— PROBLEM DESCRIPTION —
Output the full listing exactly as written, with no pictures in it.

++++++

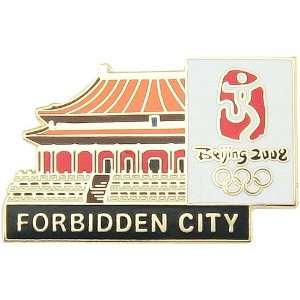    2008 Olympics Beijing Forbidden City Pin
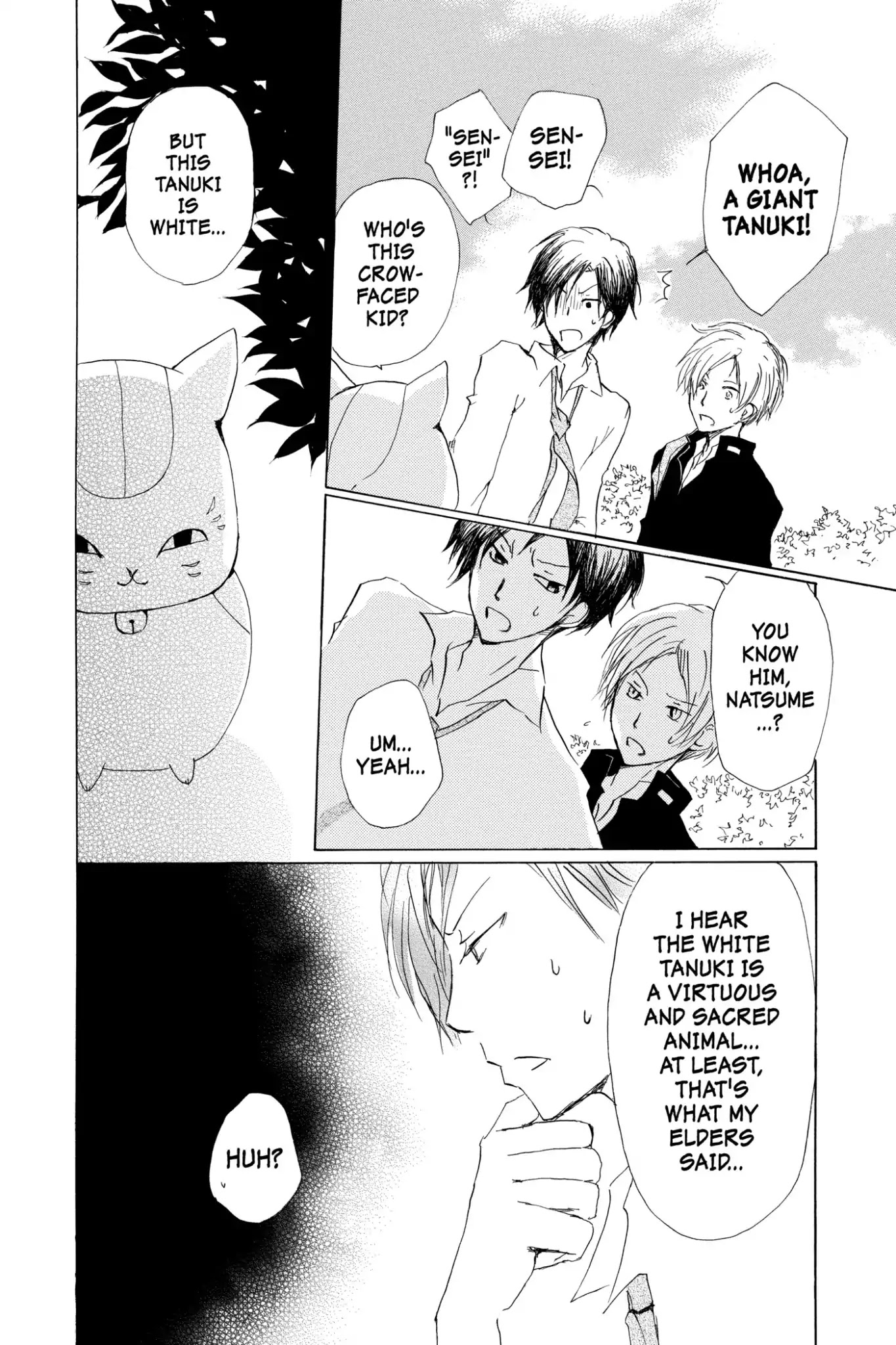Natsume Yuujinchou Chapter 68 page 20 - Chapter 68
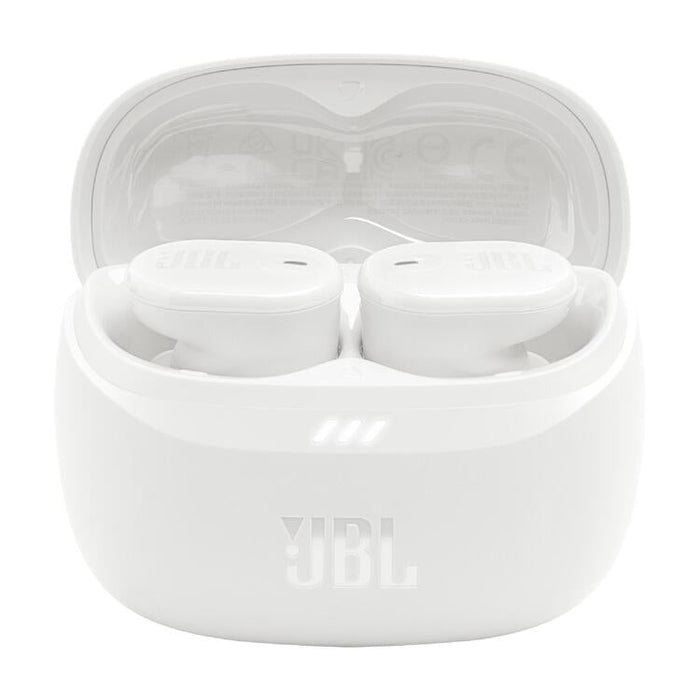 JBL Tune Buds 2 | In-Ear Headphones - 100% - Wireless - Bluetooth - Noise reduction - 6 microphones - White-SONXPLUS Lac St-Jean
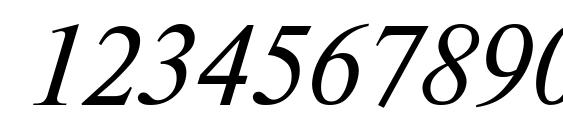 Tmsdli Font, Number Fonts
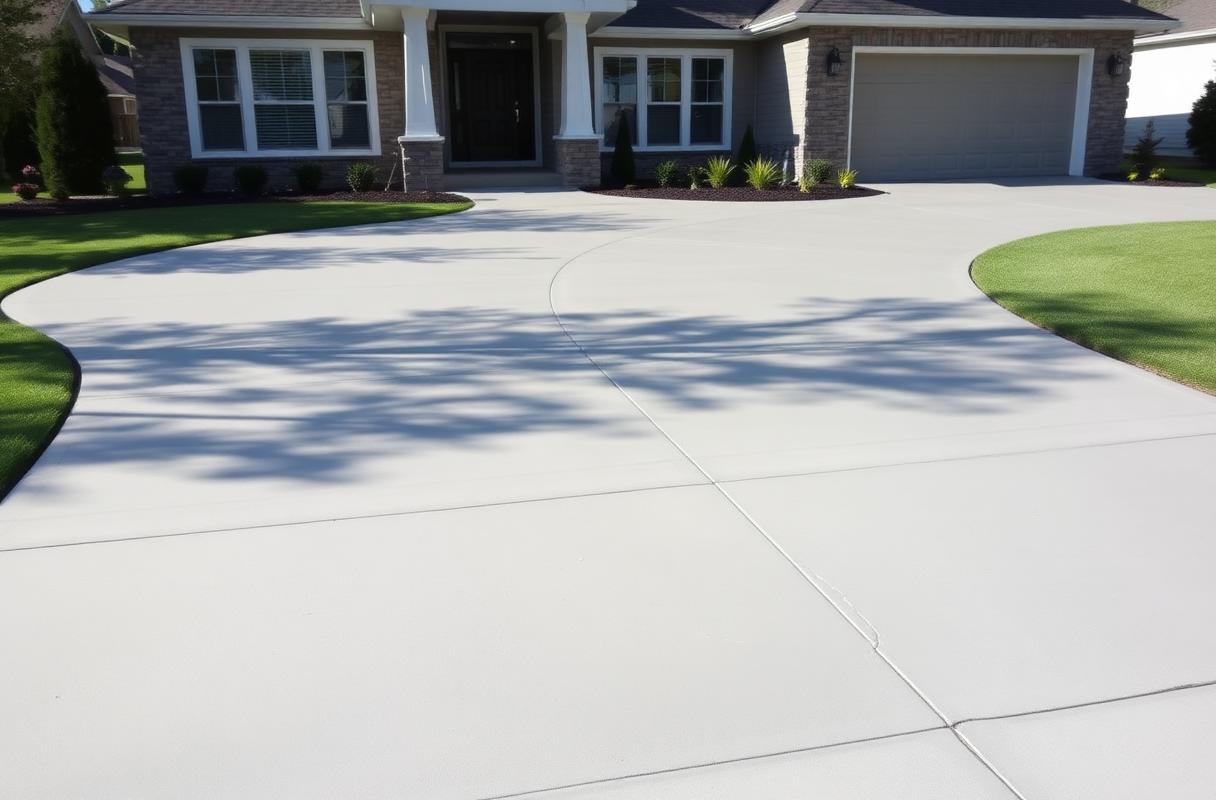 Concrete Driveways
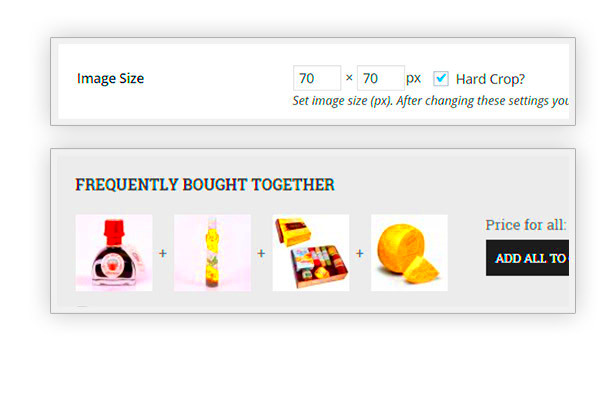 Frequently Bought Together Plugin for WooCommerce  Oz Robotics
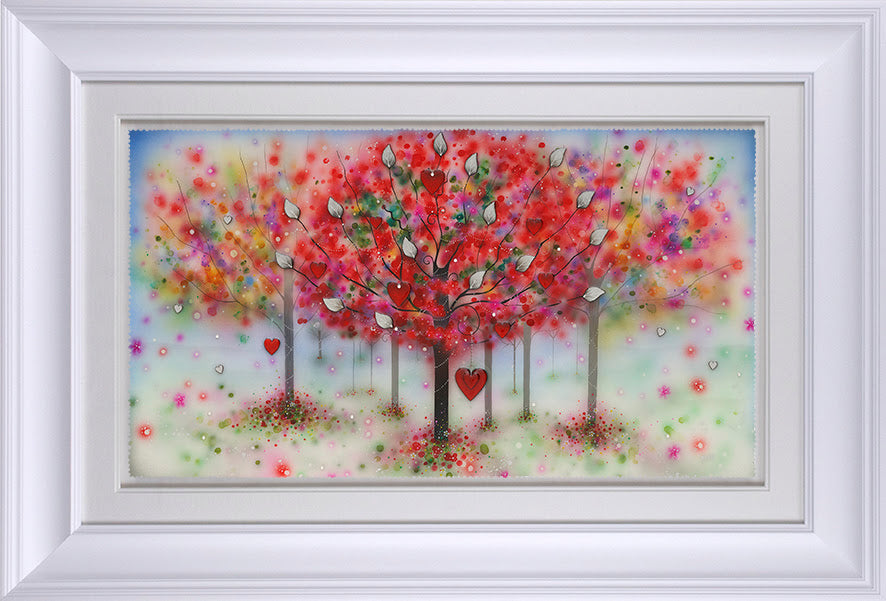 group hug framed print by artist kealey farmer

++++++

— SOLUTION TO THE PROBLEM —
    2008 Olympics Beijing Forbidden City Pin
Natsume Yuujinchou Chapter 68 page 20 - Chapter 68
 JBL Tune Buds 2 | In-Ear Headphones - 100% - Wireless - Bluetooth - Noise reduction - 6 microphones - White-SONXPLUS Lac St-Jean
 Tmsdli Font, Number Fonts
 Concrete Driveways
 Frequently Bought Together Plugin for WooCommerce  Oz Robotics
 group hug framed print by artist kealey farmer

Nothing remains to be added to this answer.